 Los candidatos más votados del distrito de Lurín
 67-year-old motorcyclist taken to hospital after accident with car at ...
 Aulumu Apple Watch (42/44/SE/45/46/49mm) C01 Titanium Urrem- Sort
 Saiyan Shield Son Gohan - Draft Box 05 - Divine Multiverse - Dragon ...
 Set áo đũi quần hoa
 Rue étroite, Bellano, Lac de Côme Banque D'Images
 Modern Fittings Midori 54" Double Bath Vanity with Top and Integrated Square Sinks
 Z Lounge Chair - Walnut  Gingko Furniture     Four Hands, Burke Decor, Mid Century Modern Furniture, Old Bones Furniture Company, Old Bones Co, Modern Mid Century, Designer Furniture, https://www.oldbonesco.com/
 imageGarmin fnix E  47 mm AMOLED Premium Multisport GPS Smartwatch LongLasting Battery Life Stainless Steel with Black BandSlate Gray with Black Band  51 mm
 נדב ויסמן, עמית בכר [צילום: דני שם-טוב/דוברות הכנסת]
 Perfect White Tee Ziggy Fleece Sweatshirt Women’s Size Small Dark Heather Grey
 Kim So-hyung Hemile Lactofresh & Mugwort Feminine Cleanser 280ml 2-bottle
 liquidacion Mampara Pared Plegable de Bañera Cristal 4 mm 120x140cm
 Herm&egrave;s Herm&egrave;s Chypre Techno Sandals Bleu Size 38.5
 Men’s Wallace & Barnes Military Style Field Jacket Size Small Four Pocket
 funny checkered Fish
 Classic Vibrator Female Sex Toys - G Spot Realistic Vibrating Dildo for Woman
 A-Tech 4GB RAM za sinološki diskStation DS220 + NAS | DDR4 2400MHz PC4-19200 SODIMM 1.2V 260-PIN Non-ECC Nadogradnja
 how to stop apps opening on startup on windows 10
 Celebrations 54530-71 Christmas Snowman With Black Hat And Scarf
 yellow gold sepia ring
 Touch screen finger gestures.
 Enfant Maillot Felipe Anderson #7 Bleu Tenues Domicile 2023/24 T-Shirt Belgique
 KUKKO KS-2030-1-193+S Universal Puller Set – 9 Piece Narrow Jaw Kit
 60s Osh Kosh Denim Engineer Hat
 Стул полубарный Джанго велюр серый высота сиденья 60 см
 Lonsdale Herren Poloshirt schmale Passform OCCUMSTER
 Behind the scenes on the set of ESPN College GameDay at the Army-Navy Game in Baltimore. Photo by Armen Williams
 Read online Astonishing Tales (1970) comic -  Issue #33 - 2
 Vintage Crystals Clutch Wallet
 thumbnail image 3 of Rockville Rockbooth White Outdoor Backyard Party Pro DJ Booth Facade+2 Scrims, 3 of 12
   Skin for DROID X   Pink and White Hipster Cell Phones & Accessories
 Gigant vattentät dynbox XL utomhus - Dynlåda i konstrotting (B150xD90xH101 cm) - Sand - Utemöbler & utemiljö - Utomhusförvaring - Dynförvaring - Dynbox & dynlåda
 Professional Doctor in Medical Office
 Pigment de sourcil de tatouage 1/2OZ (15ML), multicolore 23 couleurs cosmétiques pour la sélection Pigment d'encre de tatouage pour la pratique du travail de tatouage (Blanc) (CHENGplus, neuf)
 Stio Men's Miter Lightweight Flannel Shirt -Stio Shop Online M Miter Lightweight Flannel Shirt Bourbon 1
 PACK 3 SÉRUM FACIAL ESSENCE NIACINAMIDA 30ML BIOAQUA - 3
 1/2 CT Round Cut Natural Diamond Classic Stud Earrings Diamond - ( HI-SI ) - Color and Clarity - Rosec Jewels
* * * *
A single number is the answer here: how many lines of the material contain the string "Modern"?

» **Task response**: 2